GIVEN DATA START

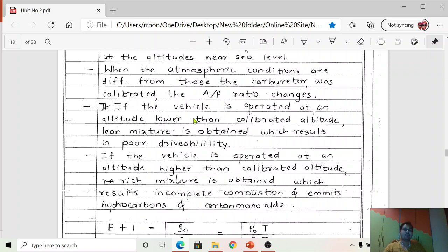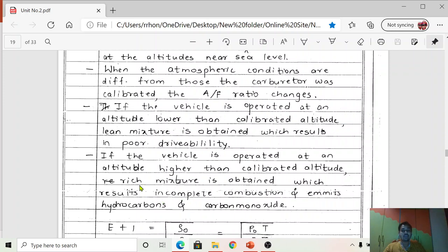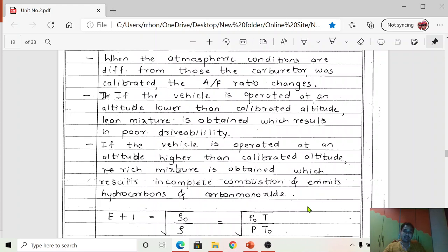To summarize: if the vehicle is operated at an altitude lower than the calibrated altitude, the mixture from the carburetor will be lean, resulting in poor drivability. When operated at an altitude higher than the calibrated altitude, a richer mixture comes out from the carburetor, resulting in incomplete combustion and emission of hydrocarbons and carbon monoxide. Therefore, altitude compensation is very important, and each carburetor must be calibrated according to the altitude.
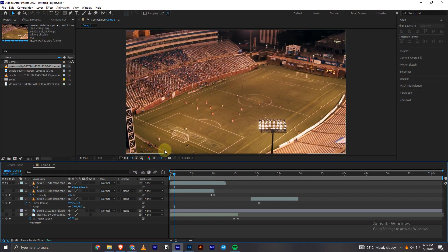Hey everyone, today in this Adobe After Effects tutorial, I'll be showing you how you can easily blur a video in Adobe After Effects.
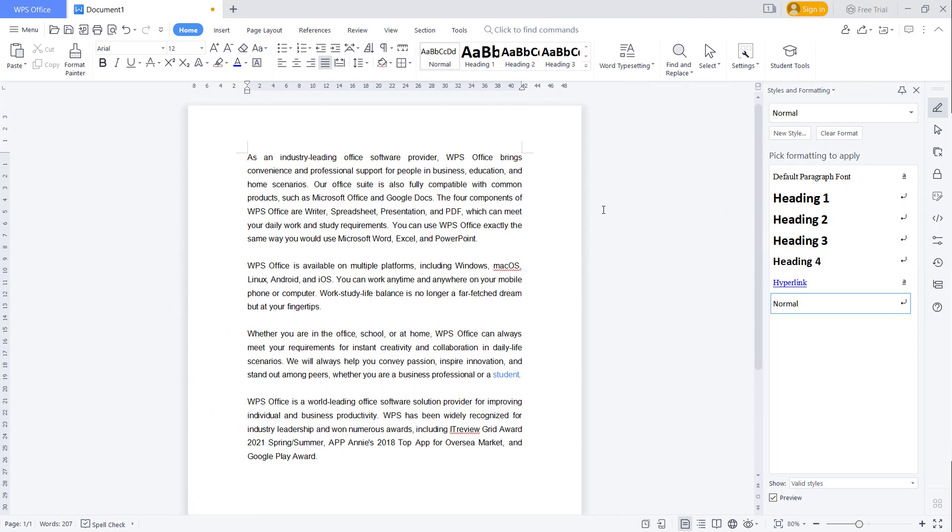Hello everyone, welcome back with WPS Office Word basic tutorials. How to remove page break. Okay, for example in here...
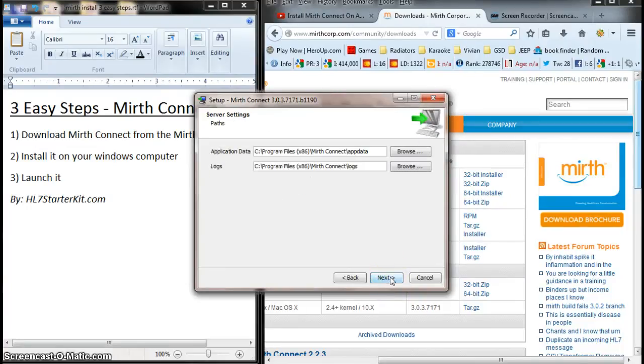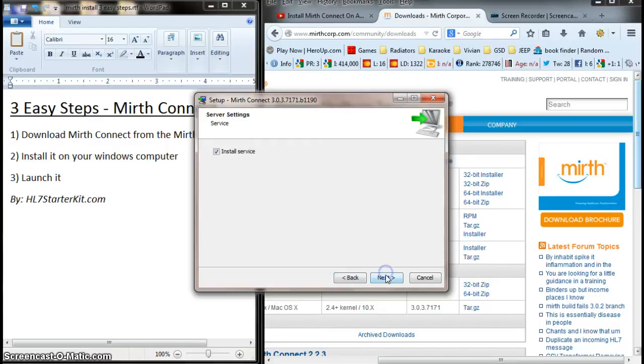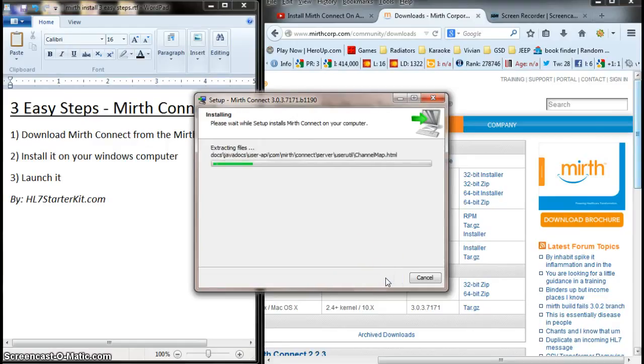Again, Next. Accept all defaults. Oh, you may want to make note of the installation path. I like to do that. Next. Yes. And there it goes.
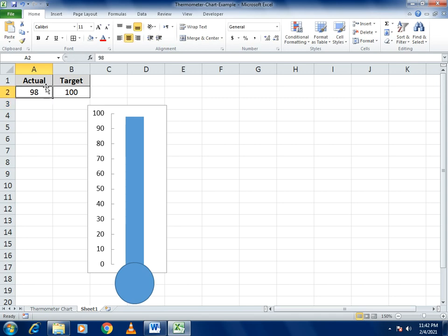This is how our thermometer chart example is completed. If you like our video please share and subscribe. Thank you for watching. If you face any confusion you can write in our comment section.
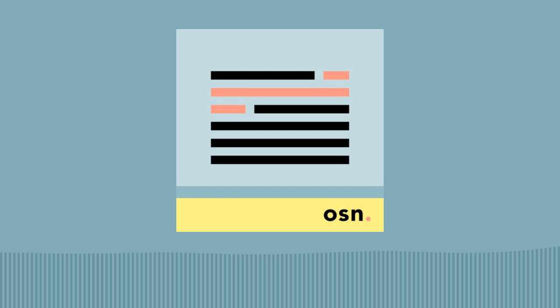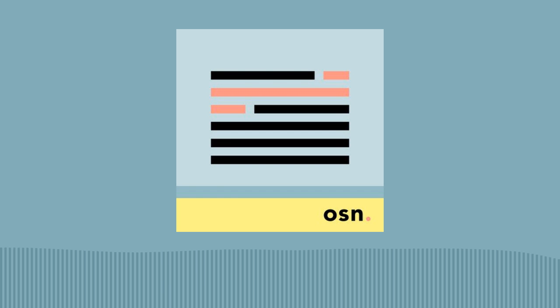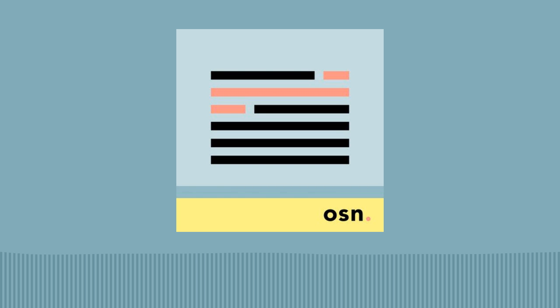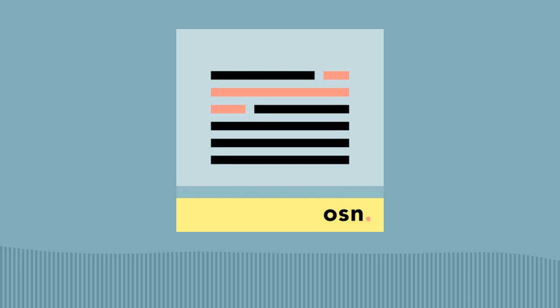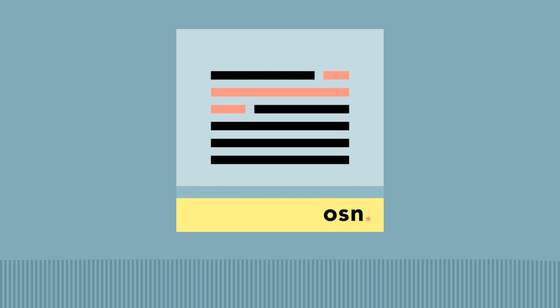You can find out more about this show or subscribe to the email version at onesentencenews.com, and you can support this and other related projects like the Let's Know Things and Brain Lenses podcasts at understandery.com. Thank you.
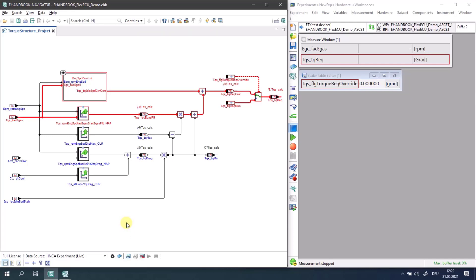So far, when a variable is added from e-Hinbook Navigator to the Inka experiment, an entry to a so-called tool API window is created. This is even the case when the variable already exists in the Inka experiment.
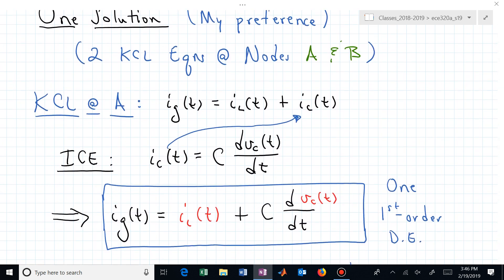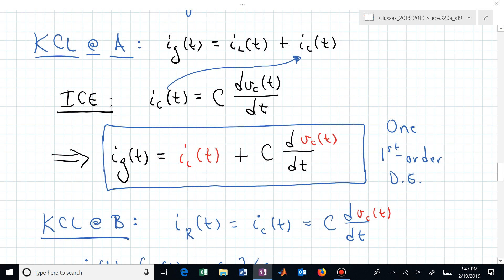KCL at A says I_G equals I_L plus I_C. Using Ice, I_C can be rewritten as C times the time rate of change of the capacitor voltage, giving us one first-order differential equation relating the time rate of change of capacitor voltage to inductor current and applied current.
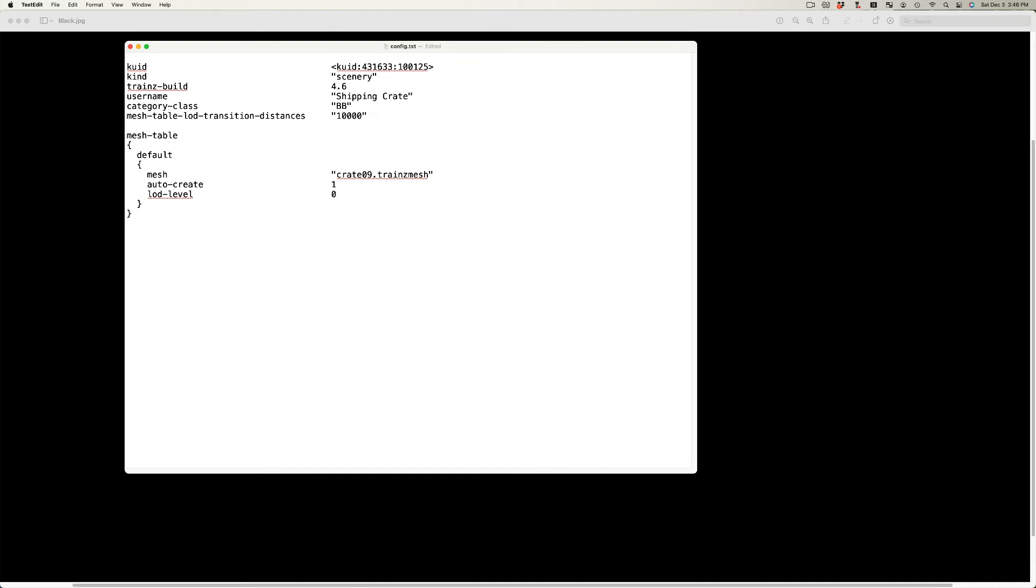The mesh table container inputs the information contained in the FBX file. So the name of the FBX file must be entered into the mesh table. The name of the FBX file is entered with a suffix trainsMesh. An auto-create value of 1 tells Trains to make the asset visible in-game. If a value of 0 is entered, the asset would be invisible in-game. The LOD level is the level of detail this particular copy of the mesh represents. In the case of the crate, there is only one FBX file, and therefore only one level of detail.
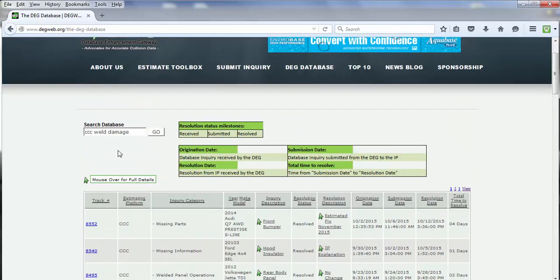So searching the database, there are several options. If you have any questions, you can always email us at admin@degweb.org.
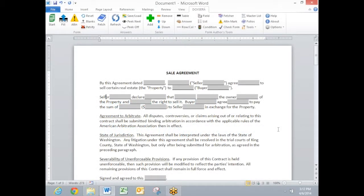This is an introduction to DocSERA, the document assembly software, where you can take any of your existing forms and turn them into automated forms that exercise their own intelligence.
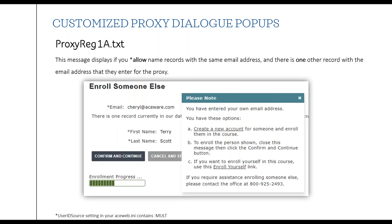The second dialogue option — again for systems allowing multiple name records with the same email — triggers if another record already exists with the email address entered. It pops up saying: you've entered your own email address. You can create a new account and enroll them, or close the form and click confirm to enroll the existing person detected with that email address, or click the enroll yourself link if you made a mistake and didn't mean to enroll someone else.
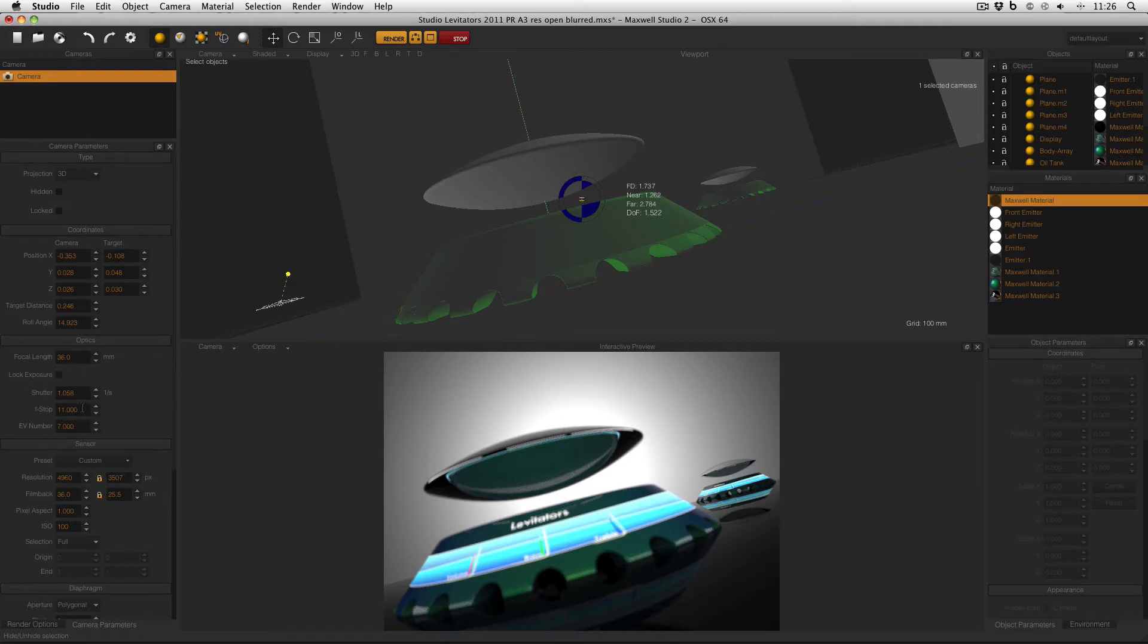The f-stop on my camera is only 11, so the depth of field in this scene is not very much. As you can see in the info here, it's 1.522. That means that we can see in the interactive preview that the product in the foreground is blurry.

GIVEN DATA END

#### ACTION ITEM
Reproduce the listing above exactly from the line containing "Hello everyone, welcome" up to and including the line containing "Again, Next. Accept", omitting any images and everything outside those lines.

#### PROBLEM SOLUTION
Hello everyone, welcome back with WPS Office Word basic tutorials. How to remove page break. Okay, for example in here...
Again, Next. Accept all defaults. Oh, you may want to make note of the installation path. I like to do that. Next. Yes. And there it goes.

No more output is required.